━━━━━ Provided entries ━━━━━

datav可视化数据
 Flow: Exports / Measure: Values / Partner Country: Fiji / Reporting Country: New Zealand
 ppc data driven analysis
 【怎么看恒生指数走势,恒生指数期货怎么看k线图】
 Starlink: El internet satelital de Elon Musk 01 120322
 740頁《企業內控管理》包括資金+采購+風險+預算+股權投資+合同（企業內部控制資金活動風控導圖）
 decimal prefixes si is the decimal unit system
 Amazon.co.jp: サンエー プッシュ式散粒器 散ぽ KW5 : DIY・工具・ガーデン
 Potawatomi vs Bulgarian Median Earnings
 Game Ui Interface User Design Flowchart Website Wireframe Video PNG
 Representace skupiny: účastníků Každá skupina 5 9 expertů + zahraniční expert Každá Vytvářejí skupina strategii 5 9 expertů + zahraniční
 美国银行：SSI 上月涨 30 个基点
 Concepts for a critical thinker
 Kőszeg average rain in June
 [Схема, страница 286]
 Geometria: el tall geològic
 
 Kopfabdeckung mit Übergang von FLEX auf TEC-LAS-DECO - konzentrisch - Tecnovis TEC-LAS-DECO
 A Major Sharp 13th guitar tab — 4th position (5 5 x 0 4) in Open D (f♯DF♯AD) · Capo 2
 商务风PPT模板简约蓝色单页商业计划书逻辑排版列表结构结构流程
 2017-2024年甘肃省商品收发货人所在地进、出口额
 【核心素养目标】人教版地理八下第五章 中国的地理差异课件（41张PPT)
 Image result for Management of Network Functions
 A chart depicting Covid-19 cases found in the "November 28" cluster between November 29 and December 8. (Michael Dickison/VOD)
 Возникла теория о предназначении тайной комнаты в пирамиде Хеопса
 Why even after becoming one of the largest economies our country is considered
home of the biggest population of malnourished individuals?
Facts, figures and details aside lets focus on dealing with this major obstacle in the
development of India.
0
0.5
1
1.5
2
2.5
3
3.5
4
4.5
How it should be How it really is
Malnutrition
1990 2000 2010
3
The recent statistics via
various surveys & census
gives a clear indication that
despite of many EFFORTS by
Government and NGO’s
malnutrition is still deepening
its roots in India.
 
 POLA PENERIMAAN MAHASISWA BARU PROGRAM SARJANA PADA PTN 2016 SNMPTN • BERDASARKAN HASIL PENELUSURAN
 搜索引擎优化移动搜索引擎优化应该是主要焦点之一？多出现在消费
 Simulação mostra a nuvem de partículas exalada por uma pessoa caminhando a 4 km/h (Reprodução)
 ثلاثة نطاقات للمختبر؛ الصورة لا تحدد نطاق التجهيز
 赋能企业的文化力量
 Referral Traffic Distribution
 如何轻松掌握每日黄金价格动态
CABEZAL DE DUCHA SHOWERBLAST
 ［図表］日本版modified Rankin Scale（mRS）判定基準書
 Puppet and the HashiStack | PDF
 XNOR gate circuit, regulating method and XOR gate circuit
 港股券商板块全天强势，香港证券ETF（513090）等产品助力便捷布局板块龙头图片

━━━━━

• [What the exercise asks] Write the entries above out again, unchanged and complete.

• [Written reply]
datav可视化数据
 Flow: Exports / Measure: Values / Partner Country: Fiji / Reporting Country: New Zealand
 ppc data driven analysis
 【怎么看恒生指数走势,恒生指数期货怎么看k线图】
 Starlink: El internet satelital de Elon Musk 01 120322
 740頁《企業內控管理》包括資金+采購+風險+預算+股權投資+合同（企業內部控制資金活動風控導圖）
 decimal prefixes si is the decimal unit system
 Amazon.co.jp: サンエー プッシュ式散粒器 散ぽ KW5 : DIY・工具・ガーデン
 Potawatomi vs Bulgarian Median Earnings
 Game Ui Interface User Design Flowchart Website Wireframe Video PNG
 Representace skupiny: účastníků Každá skupina 5 9 expertů + zahraniční expert Každá Vytvářejí skupina strategii 5 9 expertů + zahraniční
 美国银行：SSI 上月涨 30 个基点
 Concepts for a critical thinker
 Kőszeg average rain in June
 [Схема, страница 286]
 Geometria: el tall geològic
 
 Kopfabdeckung mit Übergang von FLEX auf TEC-LAS-DECO - konzentrisch - Tecnovis TEC-LAS-DECO
 A Major Sharp 13th guitar tab — 4th position (5 5 x 0 4) in Open D (f♯DF♯AD) · Capo 2
 商务风PPT模板简约蓝色单页商业计划书逻辑排版列表结构结构流程
 2017-2024年甘肃省商品收发货人所在地进、出口额
 【核心素养目标】人教版地理八下第五章 中国的地理差异课件（41张PPT)
 Image result for Management of Network Functions
 A chart depicting Covid-19 cases found in the "November 28" cluster between November 29 and December 8. (Michael Dickison/VOD)
 Возникла теория о предназначении тайной комнаты в пирамиде Хеопса
 Why even after becoming one of the largest economies our country is considered
home of the biggest population of malnourished individuals?
Facts, figures and details aside lets focus on dealing with this major obstacle in the
development of India.
0
0.5
1
1.5
2
2.5
3
3.5
4
4.5
How it should be How it really is
Malnutrition
1990 2000 2010
3
The recent statistics via
various surveys & census
gives a clear indication that
despite of many EFFORTS by
Government and NGO’s
malnutrition is still deepening
its roots in India.
 
 POLA PENERIMAAN MAHASISWA BARU PROGRAM SARJANA PADA PTN 2016 SNMPTN • BERDASARKAN HASIL PENELUSURAN
 搜索引擎优化移动搜索引擎优化应该是主要焦点之一？多出现在消费
 Simulação mostra a nuvem de partículas exalada por uma pessoa caminhando a 4 km/h (Reprodução)
 ثلاثة نطاقات للمختبر؛ الصورة لا تحدد نطاق التجهيز
 赋能企业的文化力量
 Referral Traffic Distribution
 如何轻松掌握每日黄金价格动态
CABEZAL DE DUCHA SHOWERBLAST
 ［図表］日本版modified Rankin Scale（mRS）判定基準書
 Puppet and the HashiStack | PDF
 XNOR gate circuit, regulating method and XOR gate circuit
 港股券商板块全天强势，香港证券ETF（513090）等产品助力便捷布局板块龙头图片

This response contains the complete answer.